Archaeologist who built a Roman villa in a Shropshire field live on television
Dai Morgan Evans was known among his academic colleagues for his Welsh gusto and fruity language
Dai Morgan Evans was known among his academic colleagues for his Welsh gusto and fruity language

Using only tools, materials and an architect’s DIY handbook from almost 2,000 years ago, Dai Morgan Evans was the archaeologist who designed and built a Roman villa from scratch in a Shropshire field — live on television.

A stickler for every Roman detail and a self-confessed workaholic, who would brave a gale-force wind on a dig attired in little more than his trusty cagoule, he led a motley crew of 21st-century builders, including a Geordie plumber. His deadline was six months. “It was like Frankenstein’s monster, it was created by a mad professor and took over our lives,” he later said.

To his chagrin the builders knocked off early, took too many tea breaks and got the mortar mix wrong so that cracks appeared. “The way they faffed around,” he railed.

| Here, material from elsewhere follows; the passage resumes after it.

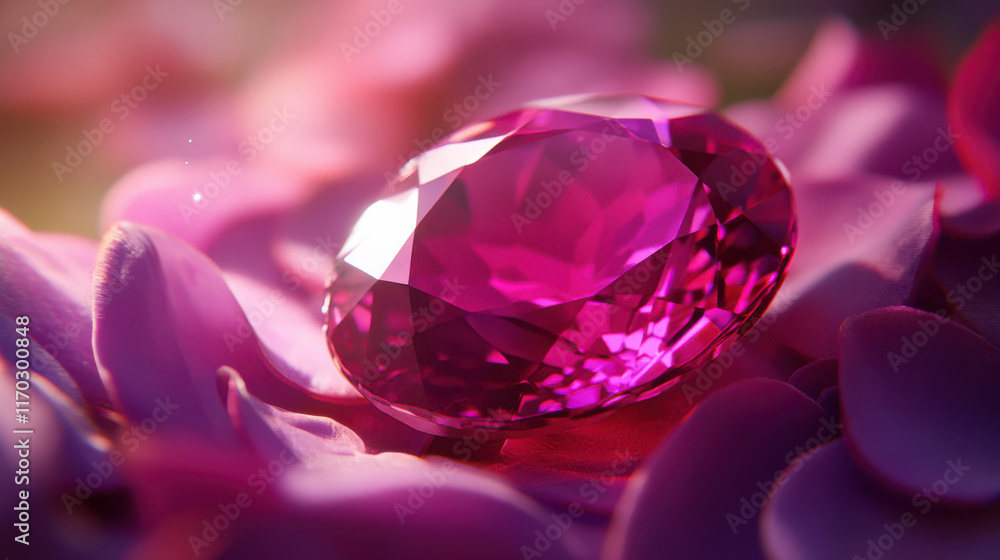 A striking magenta gemstone glowing with deep red accents, surrounded by delicate velvet petals in a soft bokeh effect, exuding elegance and romance. Precise facet detailing with gentle highlights A striking magenta gemstone glowing with deep red accents, surrounded by delicate velvet petals in a soft bokeh effect, exuding elegance and romance. Precise facet detailing with gentle highlights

Known among his academic colleagues for his Welsh gusto and fruity language — as well as his appetite for a drink — Evans regretted his suggestion that swearing be edited out of the programme. He found his technical explanations to the builders were usually cut very short. “At its worst, they didn’t listen to me, they didn’t seem to understand what I was saying, and I got very frustrated,” he sighed.

On-screen rows included a confrontation over wheelbarrows — which, according to Evans, were not invented during Roman times. The foreman argued that he had seen pictures of ancient Egyptians using them on the internet. However, Evans insisted that they were banned: “I said, ‘You could carry things in a sedan-type litter.’ ” In between site visits he beavered away in libraries answering construction questions and finding factual sources.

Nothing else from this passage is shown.